I'm not sure if this is a "bug" or the "routeirq" thing is common. I only report
it because a few boxes I had with FC4 and I2O drivers started crashing like
crazy after a kernel upgrade (via yum). I also tried an in-place upgrade to FC5
which was disasterous since the stock kernel with it has the problem. I've not
tried that yet with pci=routeirq on the CD boot line. Also the line in dmesg
suggests trying pci=routeirq and also to report the results if it's beneficial.

Hardware: SuperMicro 7043M-6 and other similar boxes with Adaptec 2000S and
similar hardware RAID cards.

If any log files or additional info might be helpful, let me know...

Comment 1 Need Real Name 2006-05-01 16:52:48 UTC
Without "pci=routeirq" the "dd" test above would complete only about 5
iterations before locking up. With that boot string it completed 88 before
locking up.

Comment 2 Dave 2006-05-08 21:03:40 UTC
I think this is probably a duplicate of my bug...

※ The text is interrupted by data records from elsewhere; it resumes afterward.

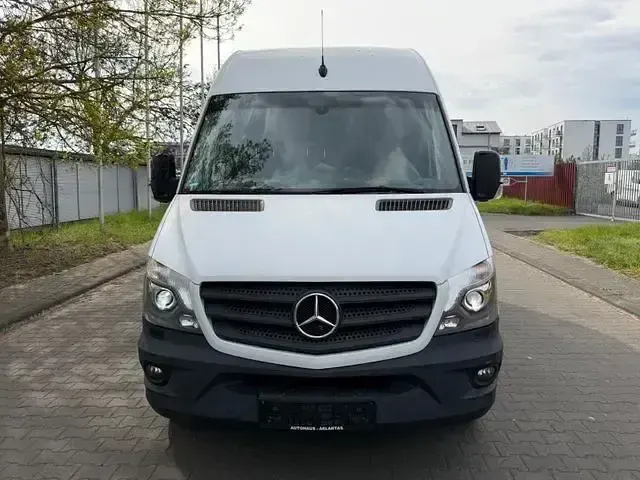 Brugt Mercedes Sprinter 2017 Hvid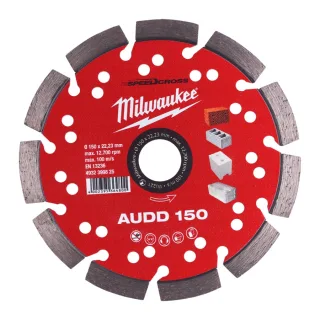 Milwaukee - DIAMANT-TRENNSCH. SPEEDCROSS AUDD150 - 4932399825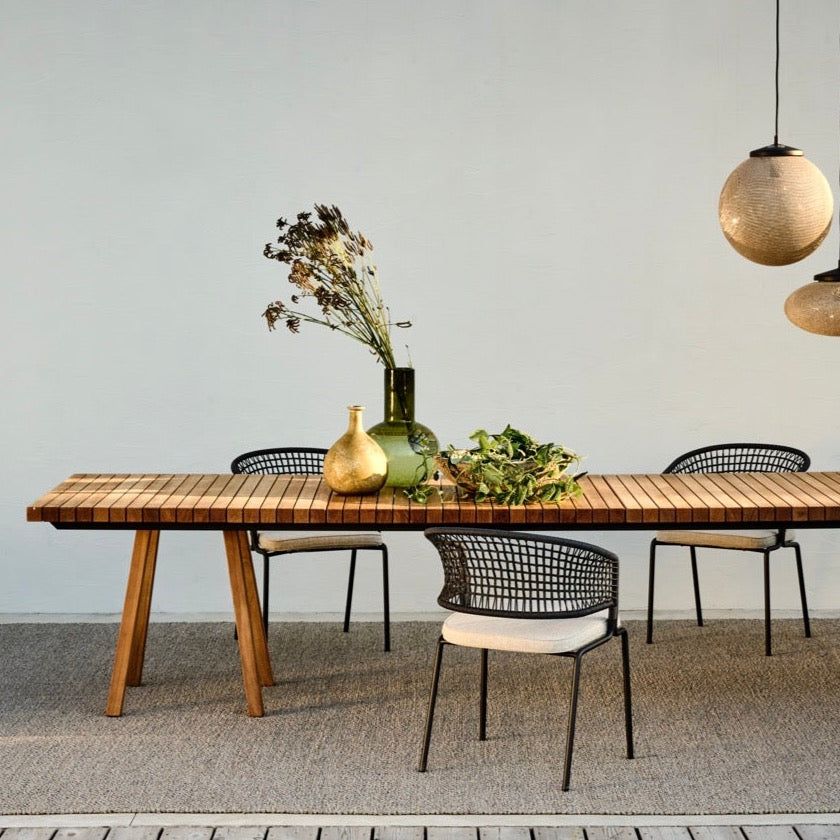 Tribu I Vis a Vis Esstisch 600 cm, rechteckig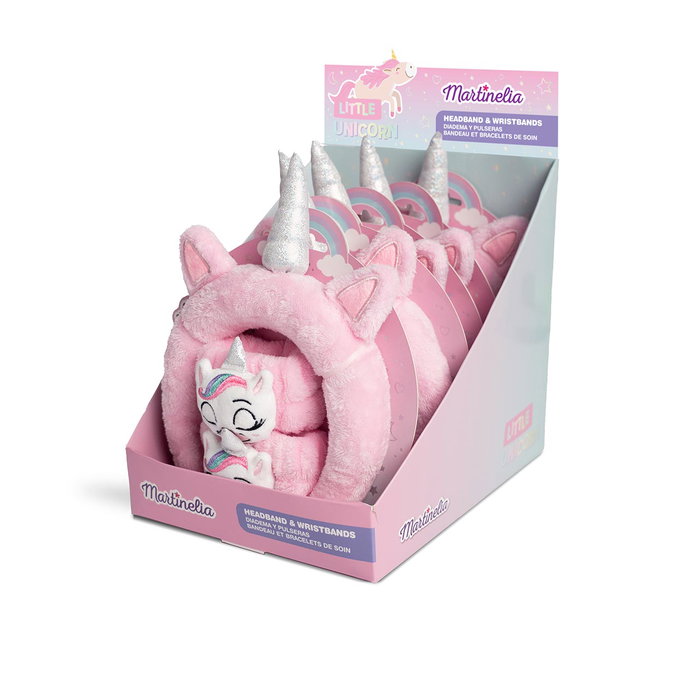 Martinelia Diadema y Muñequeras Little Unicorn 56040 para Niñas +6 años Martinelia Diadema y Muñequeras Little Unicorn 56040 para Niñas +6 años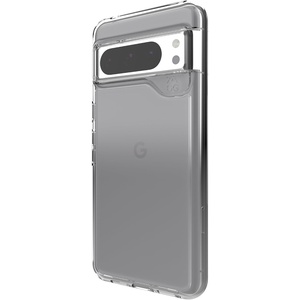 image:imageZAGG Crystal Palace Lite Google Pixel 1010 Pro Case  Crystal Clear UltraSlim 10ft Drop Protection Graphene Strength AntiYellowing Wireless Charging Compatible ClearGoogle Pixel 8 Pro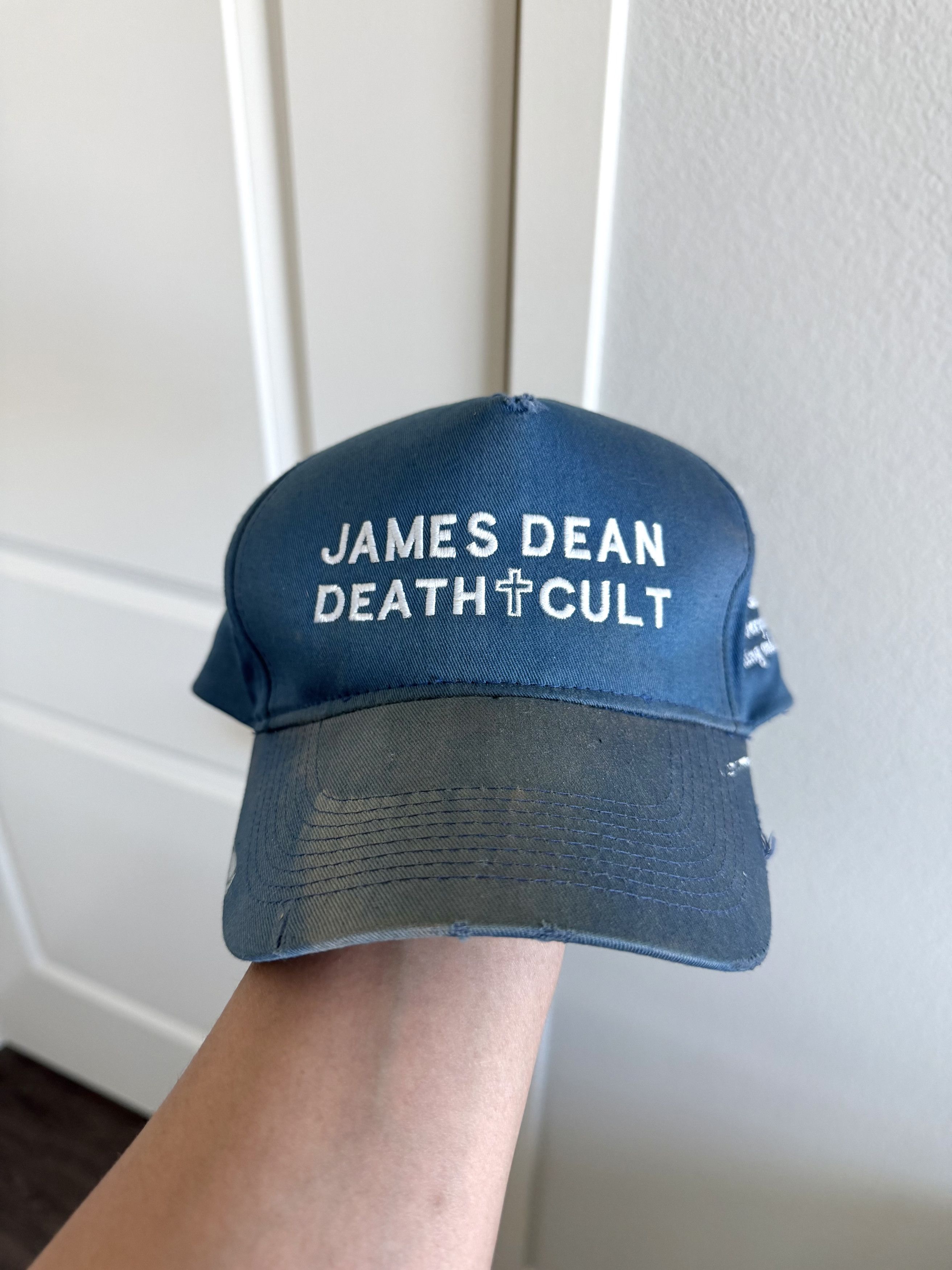Paly Hollywood James Dean Death Cult Hat (Blue) | Grailed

https://bugzilla.redhat.com/bugzilla/show_bug.cgi?id=189570

Please let me know if you can mirror my testing...

Comment 3 Need Real Name 2006-05-08 21:10:38 UTC
Yes, appears to be a dupe. I searched and searched and of course found nothing
even close to this before filing the report, ah well...

Comment 4 Dave Russell 2006-09-03 17:40:46 UTC

*** This bug has been marked as a duplicate of 189570 ***